LJH - November 20, 2017

This is a two-disc set best suited for dancers interested in incorporating the most common “Charleston” moves into their Lindy Hop. These aren’t for dancers seriously interested in learning 1920s Charleston – see Sharon Davis’s discs – also on Danceflix for that...

These discs - with their otherwise well indexed lessons - are straightforward, well lit, mostly well explained, and well demonstrated. It’s a bit short on actual “demo dancing” (except for the long, “Teaching Demo’s,” on Disc 2) but if you’re a “learn by the count” kind of dancer you’ll generally be fine with what’s offered.

These are of three parts: solo, face-to-face, and side-by-side... I won’t say, “Solo Charleston,” because the solo section is limited to useful “bicycle training wheels” patterns that get you going; “face-to-face” is “common couple positions”; and side-by-side “Charleston” isn’t exactly “the” Charleston when you’re dancing Lindy Hop. Long story short, these Dics in their three parts aren’t about learning “The” Charleston to add to Lindy Hop, but learning PATTERNS well known in “Charleston” (and other) dancing.

Short story long, most people learn a “Lindy” circle and a “Lindy” swing-out and gradually learn a bit of “side-by-side” using “Lindy” timing; then they’ll pick up things like, “the patty-cake,” and, “kick turns,” and other stuff – increasingly suspecting, from the way things feel differently in certain patterns that a lot of these moves came from, or, were, “lifted” wholesale from other dances. More than a few... A lot of this is really “kid dancing” and “Ronde dancing” from the old - and older - days… Fine. But… Many people set out to learn “Lindy” and get confused about, “all that Charleston stuff.”

Many things labeled “Charleston” are patterns that were around earlier than 1923, or, even 23 B.C. “Charleston” moves are (now) commonly “recognized” as being in Charleston because we’ve all seen the movies and TV shows with people dancing the patterns taught here to, “that” music. “The Charleston” was among the first nationwide “fad” dances that were widely recorded, long danced, and long studied. It’s a “reference” now for many otherwise generic moves, steps, and patterns.
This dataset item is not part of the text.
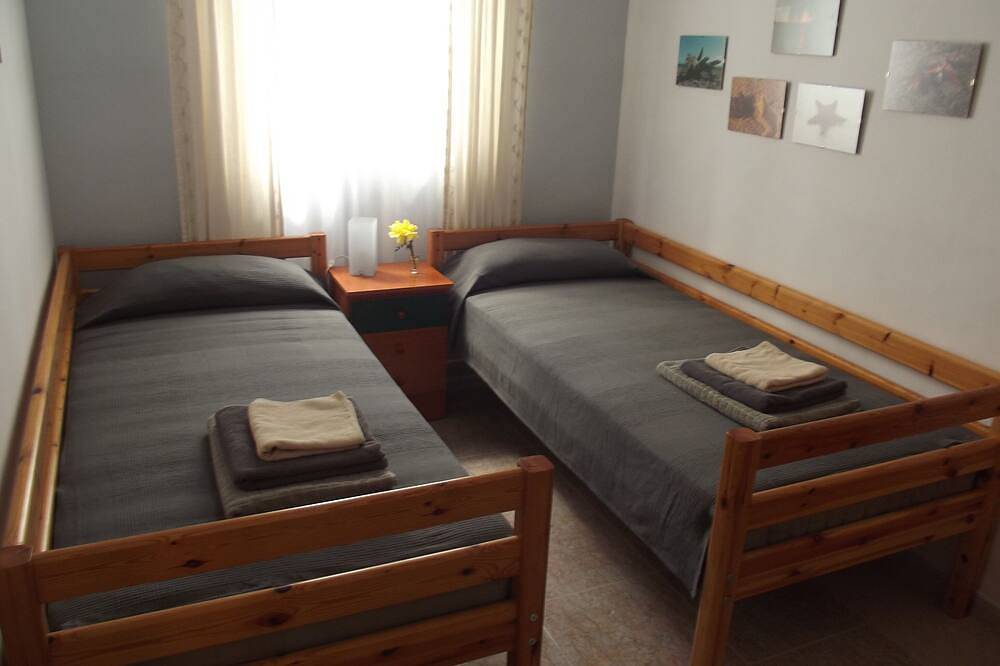 Villa mit großem Pool für 8 Personen, toller Ausblick ,Ac  in den Schlafzimmern in Benamargosa, Málaga Provinz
Saying, “Charleston,” is often only meant as a “reference” to source material that happens to be a lot of moves and patterns from earlier dancing, but which we “see” as “Charleston” – and which can easily found and reviewed as “Charleston” if anybody wants to go look something up on YouTube.

What you need to know to be fairly decent using “Charleston” patterns in Lindy Hop you can pick up on these discs. You probably won’t do much “face-to-face Charleston,” but you will do a lot of kick-troughs, “patty cakes,” “side-by-side,” and, “tandem stuff.” Watch, practice, and learn as Carla and Kevin present these and you’ll end up just fine with your “Charleston stuff “ - as danced to “swing music” and using Lindy “timing.”

These discs date from 2006, and are a few years newer than similar discs they had done a few years earlier. They’ve had more practice dancing AND teaching so it’s no surprise Carla does an especially good job laying things out very simply while Kevin does a good job leaving most of the talking to her, and then explaining what the leads need to know to be good on their side. Both of them offer good tips, as they go along, on how to make everything work better. Well worth a weekend or two of watching and practice.

(Note: Using either disc 1 or 2 in your player, you’ll see all the moves in the menus of either disc - but you’ll need both discs to play back all of what you keep seeing. Just get both discs to view at once and you’ll be better off than trying to watch them singly.)